Logo, não podemos esperar nenhuma mudança de atitude dos EUA em relação à sua atuação na América Latina e no restante do mundo caso Sanders ganhe as eleições. Isto, inclusive, já se nota no discurso dele, onde afirma que Cuba e Venezuela são ditaduras e merecem ser rechaçadas (mesmo tendo elogiado o sistema de saúde cubano diversas vezes), não demonstrando qualquer sinal em relação ao levantamento do embargo econômico aos dois países.
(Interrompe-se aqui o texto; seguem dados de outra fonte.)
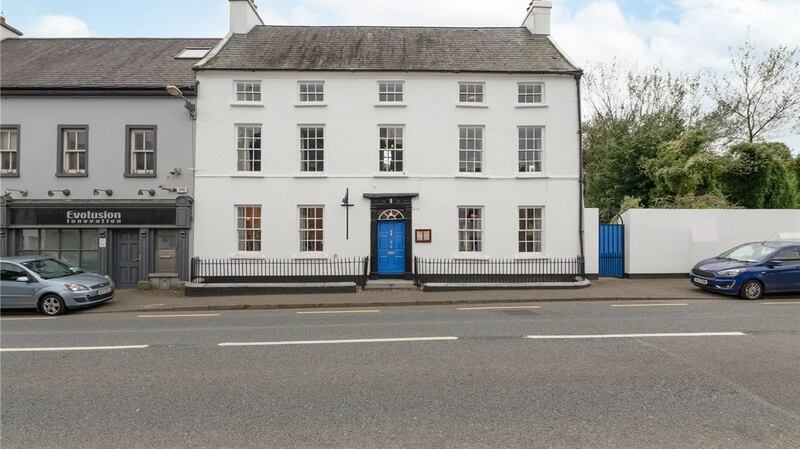 Country: Westropp House, Main Street, Innishannon, Co Cork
Também não prometeu em nenhum momento a retirada total das tropas norte-americanas nas dezenas de bases militares na Colômbia ou no Caribe, ou a liberdade ao povo porto-riquenho, que continua há mais de 100 anos sendo colônia norte-americana.

Além disso, mesmo que prometesse, Sanders se engana e engana os outros achando que pude mudar essa situação. Os EUA ao longo de 250 anos construíram toda uma estrutura para garantir sua dominância como potência imperialista, seja o Pentágono, com toda a estrutura da indústria bélica, seja todo o complexo midiático-cultural que busca controlar toda a narrativa da imprensa no mundo, ou a estrutura repressiva de caráter internacional que persegue qualquer movimento ou governo popular e que tem na CIA e na NSA (Agência de Segurança Nacional) suas maiores estruturas.

Será mesmo que uma eleição de um candidato progressista num sistema antidemocrático com uma estrutura reacionária de partidos políticos pode superar isso? Sabemos muito bem que não.

Bernie Sanders pode até arranhar alguns dos interesses mais imediatos de Wall Street e de setores da burguesia norte-americana, mas sem uma verdadeira revolução socialista organizada pelos trabalhadores será impossível derrubar toda essa estrutura. O presidente dos EUA não é o centro do sistema imperialista norte-americano, ele é apenas uma engrenagem, e uma engrenagem pode ser trocada quando dá defeito.